This paper explores the question of responsibility for the care of significant Blackfoot (Siksikáítapiiksi) sites particularly in the province of present-day Alberta.i Traditional Blackfoot territory is described and events that eroded Siksikáítapiiksi access to, and thus relationship with, all the land in their territory is related. We give examples of significant Blackfoot sites and recount the forces that have destroyed many of them, including the pressures that urban and industrial development place on the remaining sites. This chapter outlines current attempts to include Blackfoot perspectives in the provincial mandate to preserve and protect heritage sites.
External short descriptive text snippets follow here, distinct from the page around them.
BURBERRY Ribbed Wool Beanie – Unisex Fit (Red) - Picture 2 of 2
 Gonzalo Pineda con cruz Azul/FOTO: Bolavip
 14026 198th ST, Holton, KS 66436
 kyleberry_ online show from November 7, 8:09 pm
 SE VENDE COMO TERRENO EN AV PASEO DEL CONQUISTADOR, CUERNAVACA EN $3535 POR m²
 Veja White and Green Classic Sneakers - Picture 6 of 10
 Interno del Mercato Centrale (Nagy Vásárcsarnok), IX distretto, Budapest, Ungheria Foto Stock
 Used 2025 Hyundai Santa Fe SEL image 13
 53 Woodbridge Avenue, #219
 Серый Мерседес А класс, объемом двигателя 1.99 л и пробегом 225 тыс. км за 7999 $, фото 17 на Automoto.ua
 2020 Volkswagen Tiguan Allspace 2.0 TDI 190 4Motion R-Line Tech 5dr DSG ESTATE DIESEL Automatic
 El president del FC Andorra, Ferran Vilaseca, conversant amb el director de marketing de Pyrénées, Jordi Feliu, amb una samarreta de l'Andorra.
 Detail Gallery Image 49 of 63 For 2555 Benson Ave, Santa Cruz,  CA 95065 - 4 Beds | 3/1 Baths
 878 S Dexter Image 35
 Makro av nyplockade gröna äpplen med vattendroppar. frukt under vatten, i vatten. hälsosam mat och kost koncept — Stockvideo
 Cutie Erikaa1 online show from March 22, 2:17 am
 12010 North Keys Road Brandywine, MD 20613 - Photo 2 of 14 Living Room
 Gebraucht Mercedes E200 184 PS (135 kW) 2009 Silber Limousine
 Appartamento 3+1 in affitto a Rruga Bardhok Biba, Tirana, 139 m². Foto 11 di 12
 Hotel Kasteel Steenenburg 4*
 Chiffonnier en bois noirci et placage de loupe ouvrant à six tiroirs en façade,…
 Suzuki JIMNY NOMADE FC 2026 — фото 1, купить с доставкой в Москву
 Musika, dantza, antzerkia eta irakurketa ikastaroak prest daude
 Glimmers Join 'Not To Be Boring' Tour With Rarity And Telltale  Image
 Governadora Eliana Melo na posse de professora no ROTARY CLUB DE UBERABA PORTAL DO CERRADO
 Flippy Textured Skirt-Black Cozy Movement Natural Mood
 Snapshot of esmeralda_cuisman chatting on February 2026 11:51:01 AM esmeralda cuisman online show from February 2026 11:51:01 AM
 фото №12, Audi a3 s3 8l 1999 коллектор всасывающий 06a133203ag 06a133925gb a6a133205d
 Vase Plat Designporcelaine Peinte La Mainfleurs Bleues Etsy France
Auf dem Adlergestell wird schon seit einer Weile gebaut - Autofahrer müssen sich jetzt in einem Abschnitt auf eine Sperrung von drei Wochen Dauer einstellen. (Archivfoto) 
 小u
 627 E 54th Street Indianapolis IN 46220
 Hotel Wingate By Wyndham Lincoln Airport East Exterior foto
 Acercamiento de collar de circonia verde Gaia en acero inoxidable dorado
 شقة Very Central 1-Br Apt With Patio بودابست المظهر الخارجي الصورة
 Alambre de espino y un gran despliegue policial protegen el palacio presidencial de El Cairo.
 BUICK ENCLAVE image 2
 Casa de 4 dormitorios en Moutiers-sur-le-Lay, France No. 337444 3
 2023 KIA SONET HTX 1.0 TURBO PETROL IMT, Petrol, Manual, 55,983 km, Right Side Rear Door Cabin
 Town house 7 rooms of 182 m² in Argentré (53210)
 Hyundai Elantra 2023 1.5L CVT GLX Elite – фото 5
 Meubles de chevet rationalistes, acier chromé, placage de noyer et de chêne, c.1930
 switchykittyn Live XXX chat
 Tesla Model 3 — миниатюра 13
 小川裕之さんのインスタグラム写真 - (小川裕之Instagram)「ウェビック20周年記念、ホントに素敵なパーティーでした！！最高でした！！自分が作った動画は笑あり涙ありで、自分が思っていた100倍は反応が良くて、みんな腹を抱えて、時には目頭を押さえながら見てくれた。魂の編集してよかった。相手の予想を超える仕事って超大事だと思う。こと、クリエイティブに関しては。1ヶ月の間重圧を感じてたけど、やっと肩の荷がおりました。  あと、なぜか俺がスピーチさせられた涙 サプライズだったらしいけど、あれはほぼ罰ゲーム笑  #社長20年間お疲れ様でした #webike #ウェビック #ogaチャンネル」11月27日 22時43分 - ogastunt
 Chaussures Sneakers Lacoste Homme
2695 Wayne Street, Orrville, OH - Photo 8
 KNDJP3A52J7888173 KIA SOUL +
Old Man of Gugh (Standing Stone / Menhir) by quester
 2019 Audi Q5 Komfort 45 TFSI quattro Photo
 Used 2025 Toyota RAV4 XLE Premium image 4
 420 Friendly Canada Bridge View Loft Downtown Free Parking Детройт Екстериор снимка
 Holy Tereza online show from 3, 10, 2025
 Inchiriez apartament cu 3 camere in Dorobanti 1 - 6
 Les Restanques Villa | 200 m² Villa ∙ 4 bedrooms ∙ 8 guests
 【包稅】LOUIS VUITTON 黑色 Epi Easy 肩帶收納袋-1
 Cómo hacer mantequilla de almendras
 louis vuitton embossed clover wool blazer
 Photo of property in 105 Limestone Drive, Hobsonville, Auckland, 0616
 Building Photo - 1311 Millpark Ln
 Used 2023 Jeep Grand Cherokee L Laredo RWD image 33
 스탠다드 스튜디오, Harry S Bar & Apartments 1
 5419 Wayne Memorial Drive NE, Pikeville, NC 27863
The notion of repatriation, which is commonly understood to mean the return of ceremonial objects, is offered as a model for authentic participation of Blackfoot in protecting and preserving these sites. Repatriation, as an idea and a practice, acknowledges the Siksikáítapiiksi view that places are animate beings with whom humans live in relationship. Like any interdependent relationship, the one between people and the places that sustain them is nurtured through unimpeded access, continued use and ceremonies of renewal such as visiting and exchanging of gifts.

Traditional Map
Click image to enlarge.

Figure 1: Map of traditional Blackfoot territory.
This map reproduced with permission from the Glenbow Museum website, "Niitsitapiisini: Our Way of Life," http://www.glenbow.org/blackfoot/teacher_toolkit/english/culture/territory.html (Accessed May 2008).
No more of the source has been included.